• **Recorded data**:
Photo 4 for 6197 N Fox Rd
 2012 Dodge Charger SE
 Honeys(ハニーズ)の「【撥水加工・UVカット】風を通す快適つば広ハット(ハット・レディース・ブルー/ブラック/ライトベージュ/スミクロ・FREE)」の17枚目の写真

• **Assignment**:
The whole listing is needed again, word for word.

• **Response for this exercise**:
Photo 4 for 6197 N Fox Rd
 2012 Dodge Charger SE
 Honeys(ハニーズ)の「【撥水加工・UVカット】風を通す快適つば広ハット(ハット・レディース・ブルー/ブラック/ライトベージュ/スミクロ・FREE)」の17枚目の写真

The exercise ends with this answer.